● What you will do: Please write out all the data exactly as shown.

Records from a data collection
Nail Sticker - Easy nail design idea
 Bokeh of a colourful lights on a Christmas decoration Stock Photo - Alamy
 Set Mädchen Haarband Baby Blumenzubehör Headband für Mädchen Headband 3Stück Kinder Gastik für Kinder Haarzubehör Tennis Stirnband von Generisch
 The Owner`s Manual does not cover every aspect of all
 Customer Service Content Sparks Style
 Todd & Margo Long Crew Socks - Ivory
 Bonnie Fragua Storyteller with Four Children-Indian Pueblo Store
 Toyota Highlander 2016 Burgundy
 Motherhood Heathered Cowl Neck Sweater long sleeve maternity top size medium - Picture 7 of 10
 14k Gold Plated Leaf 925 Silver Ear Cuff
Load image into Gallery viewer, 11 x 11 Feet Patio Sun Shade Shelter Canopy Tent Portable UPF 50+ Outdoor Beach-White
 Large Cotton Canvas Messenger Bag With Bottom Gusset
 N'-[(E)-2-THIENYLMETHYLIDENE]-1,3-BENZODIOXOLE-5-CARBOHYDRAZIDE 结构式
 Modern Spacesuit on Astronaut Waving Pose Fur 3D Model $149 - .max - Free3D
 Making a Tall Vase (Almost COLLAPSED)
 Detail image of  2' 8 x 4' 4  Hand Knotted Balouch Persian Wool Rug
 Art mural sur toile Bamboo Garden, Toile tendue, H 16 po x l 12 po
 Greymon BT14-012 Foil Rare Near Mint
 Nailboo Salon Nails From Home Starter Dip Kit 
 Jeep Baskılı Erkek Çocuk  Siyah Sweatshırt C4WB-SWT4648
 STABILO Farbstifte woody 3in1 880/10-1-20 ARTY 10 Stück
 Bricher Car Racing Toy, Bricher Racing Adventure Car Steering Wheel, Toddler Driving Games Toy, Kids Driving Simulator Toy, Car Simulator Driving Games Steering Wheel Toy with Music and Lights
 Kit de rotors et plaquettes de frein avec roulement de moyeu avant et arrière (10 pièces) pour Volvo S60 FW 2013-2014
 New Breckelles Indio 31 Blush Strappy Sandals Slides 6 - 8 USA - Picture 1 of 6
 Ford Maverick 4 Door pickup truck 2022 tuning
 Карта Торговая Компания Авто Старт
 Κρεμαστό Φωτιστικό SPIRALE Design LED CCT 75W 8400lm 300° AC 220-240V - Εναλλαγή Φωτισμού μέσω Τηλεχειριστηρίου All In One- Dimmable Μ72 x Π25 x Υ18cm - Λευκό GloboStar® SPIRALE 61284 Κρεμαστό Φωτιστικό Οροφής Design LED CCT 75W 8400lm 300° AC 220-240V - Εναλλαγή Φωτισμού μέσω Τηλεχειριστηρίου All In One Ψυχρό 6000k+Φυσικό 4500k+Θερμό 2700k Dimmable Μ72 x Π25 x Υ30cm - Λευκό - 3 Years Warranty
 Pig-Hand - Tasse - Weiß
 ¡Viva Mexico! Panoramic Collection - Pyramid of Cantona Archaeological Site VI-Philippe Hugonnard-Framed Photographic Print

● Output:
Nail Sticker - Easy nail design idea
 Bokeh of a colourful lights on a Christmas decoration Stock Photo - Alamy
 Set Mädchen Haarband Baby Blumenzubehör Headband für Mädchen Headband 3Stück Kinder Gastik für Kinder Haarzubehör Tennis Stirnband von Generisch
 The Owner`s Manual does not cover every aspect of all
 Customer Service Content Sparks Style
 Todd & Margo Long Crew Socks - Ivory
 Bonnie Fragua Storyteller with Four Children-Indian Pueblo Store
 Toyota Highlander 2016 Burgundy
 Motherhood Heathered Cowl Neck Sweater long sleeve maternity top size medium - Picture 7 of 10
 14k Gold Plated Leaf 925 Silver Ear Cuff
Load image into Gallery viewer, 11 x 11 Feet Patio Sun Shade Shelter Canopy Tent Portable UPF 50+ Outdoor Beach-White
 Large Cotton Canvas Messenger Bag With Bottom Gusset
 N'-[(E)-2-THIENYLMETHYLIDENE]-1,3-BENZODIOXOLE-5-CARBOHYDRAZIDE 结构式
 Modern Spacesuit on Astronaut Waving Pose Fur 3D Model $149 - .max - Free3D
 Making a Tall Vase (Almost COLLAPSED)
 Detail image of  2' 8 x 4' 4  Hand Knotted Balouch Persian Wool Rug
 Art mural sur toile Bamboo Garden, Toile tendue, H 16 po x l 12 po
 Greymon BT14-012 Foil Rare Near Mint
 Nailboo Salon Nails From Home Starter Dip Kit 
 Jeep Baskılı Erkek Çocuk  Siyah Sweatshırt C4WB-SWT4648
 STABILO Farbstifte woody 3in1 880/10-1-20 ARTY 10 Stück
 Bricher Car Racing Toy, Bricher Racing Adventure Car Steering Wheel, Toddler Driving Games Toy, Kids Driving Simulator Toy, Car Simulator Driving Games Steering Wheel Toy with Music and Lights
 Kit de rotors et plaquettes de frein avec roulement de moyeu avant et arrière (10 pièces) pour Volvo S60 FW 2013-2014
 New Breckelles Indio 31 Blush Strappy Sandals Slides 6 - 8 USA - Picture 1 of 6
 Ford Maverick 4 Door pickup truck 2022 tuning
 Карта Торговая Компания Авто Старт
 Κρεμαστό Φωτιστικό SPIRALE Design LED CCT 75W 8400lm 300° AC 220-240V - Εναλλαγή Φωτισμού μέσω Τηλεχειριστηρίου All In One- Dimmable Μ72 x Π25 x Υ18cm - Λευκό GloboStar® SPIRALE 61284 Κρεμαστό Φωτιστικό Οροφής Design LED CCT 75W 8400lm 300° AC 220-240V - Εναλλαγή Φωτισμού μέσω Τηλεχειριστηρίου All In One Ψυχρό 6000k+Φυσικό 4500k+Θερμό 2700k Dimmable Μ72 x Π25 x Υ30cm - Λευκό - 3 Years Warranty
 Pig-Hand - Tasse - Weiß
 ¡Viva Mexico! Panoramic Collection - Pyramid of Cantona Archaeological Site VI-Philippe Hugonnard-Framed Photographic Print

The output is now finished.